Очень милую картинку мирного жития в одном из деникинских учреждений нарисовала «Вольная Кубань», выяснив, кому в Екатеринодаре жить хорошо.[157]
«В Екатеринодаре, на Кирпичной улице, стоит бывшая женская гимназия. Директором этого приюта, — тьфу, начальником управления, ибо это управление отдела продовольствия особого совещания, — состоит в высшей степени любезный человек г. Мае лов. Он не любезен только к нашим храбрым командирам корпусов, дивизий и других боевых единиц, ибо это его перу принадлежит законопроект о превращении ген. Шкуро, Врангеля, Май-Маевского и др. в помещичьих приказчиков, ибо на них он хочет возложить расчеты с помещиками за собранное в этом году сено.
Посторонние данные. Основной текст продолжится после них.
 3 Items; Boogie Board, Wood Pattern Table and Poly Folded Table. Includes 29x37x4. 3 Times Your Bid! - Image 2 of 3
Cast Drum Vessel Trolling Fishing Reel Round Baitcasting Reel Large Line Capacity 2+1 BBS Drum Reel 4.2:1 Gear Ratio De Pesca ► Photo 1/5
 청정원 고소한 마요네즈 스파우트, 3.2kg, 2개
«Но г. Маслов, имеющий намерение заложить начальникам боевых частей за ухо карандаши и дать в руки, вместо остроконечной шашки и револьвера, приходные книги по помещичьим имениям и счеты, ко всем невоенным и нефронтовым, наоборот, очень предупредителен.
«Его штат служащих составляют дамы, и какие! Зайдите в его управление. Вы увидите там не меньше дам, чем увидел Чичиков на губернаторском балу, и услышите фразы: «- Графиня! Не откажите переписать на машинке эту бумагу. — Княгиня, не будете ли вы так любезны достать дело № 123456-А. — Баронесса, не составит ли для вас труд дать справку по бумаге № 98765-Б. — Ваше высокопревосходительство! Вы ошиблись: ведь это входящая бумага, а вы записали ее в исходящий журнал».
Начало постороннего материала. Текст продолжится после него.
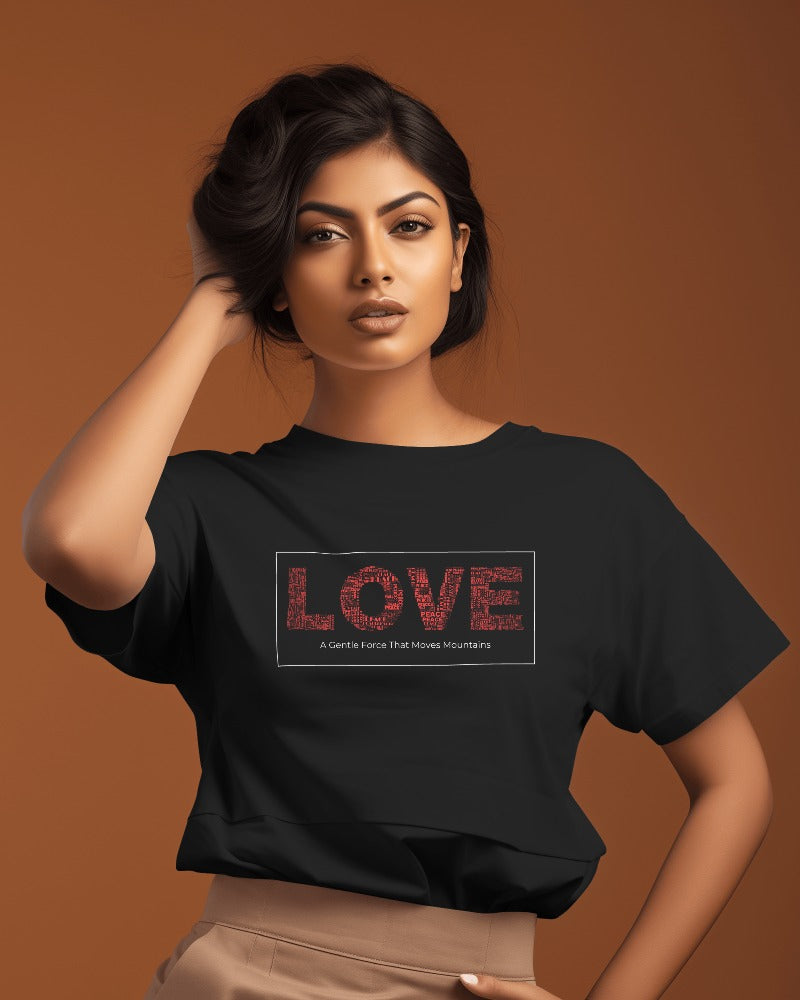 Printed Unisex Softstyle Crew Neck T-Shirt  - Love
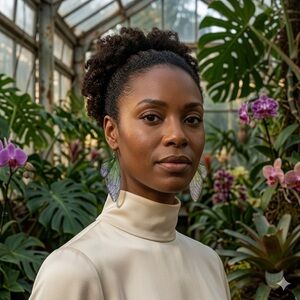 💚🤍 Handmade Resin 14k Gold Plated Foil Butterfly Wing Earrings 💚🤍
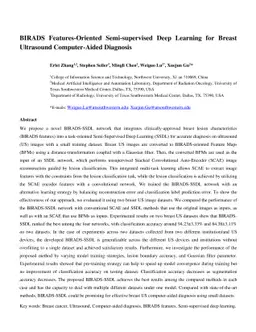 Breast Ultrasound Computer-Aided Diagnosis Using Structure-Aware Triplet
  Path Networks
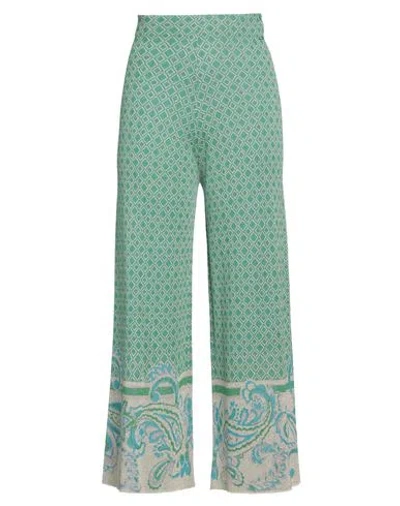 Liu •jo Woman Pants Green Size M Viscose, Polyamide, Metallic Fiber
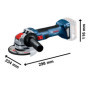 Bosch Professional 18V System meuleuse angulaire sans-fil GWX 18V-7 (disque Ø 125 mm, puissance 700 W, avec interface X-LOCK, se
«Ну, слава богу, — скажет читатель, — значит, графини и книгини начали зарабатывать себе хлеб!» — «И не только хлеб, подхватим мы, но и сахар, и спирт, и вино».
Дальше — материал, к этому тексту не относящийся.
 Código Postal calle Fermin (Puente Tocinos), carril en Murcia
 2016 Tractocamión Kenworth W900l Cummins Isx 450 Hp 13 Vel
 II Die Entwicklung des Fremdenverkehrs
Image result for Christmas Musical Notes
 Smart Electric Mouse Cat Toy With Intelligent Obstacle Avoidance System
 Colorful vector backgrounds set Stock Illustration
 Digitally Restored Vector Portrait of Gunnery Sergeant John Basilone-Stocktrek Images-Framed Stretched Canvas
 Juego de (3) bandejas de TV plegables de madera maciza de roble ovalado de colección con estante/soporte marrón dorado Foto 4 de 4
«Управление продовольствием. Цель существования этого учреждения лаконически выражена в самом его названии. Кого же оно продовольствует? Армию? Но у армии есть начальник снабжений, который исполняет свои обязанности. Население? Но ни жители Екатеринодара, ни население Кубанского края ровно ничего не получили и не получат от этого учреждения. Население освобожденных областей? Но заготовка продовольствия на Кубани находится в руках кубанского краевого правительства, и мы ничего не знаем о параллельных закупочных операциях управления продовольствием.
«Продовольственные органы мы привыкли видеть как центры заготовки и распределения продуктов питания среди населения и армии. В данном же случае мы встречаемся с особой разновидностью, до сих пор небывалой: управление продовольствием есть орган и получающий, и потребляющий.
«Спросите раненых, спросите фронт, спросите тыл, спросите население, давно ли они видели сахар и ощущали его вкус. Увы, ответ будет самый плачевный. Но спросите любого из многочисленных служащих управления продовольствием, и они ответят, что получают по пуду на человека в месяц. Сладко живется в отделе продовольствия. Но не только сладко, а и весело, ибо все служащие ежемесячно получают спирт, вино и другие недосягаемые для раненых, больных, для бойцов вещи. Мы только рекомендуем г. Маслову изменить название. «Отдел продовольствия служащих управления особого совещания» — это было бы вернее и не вводило бы в заблуждение».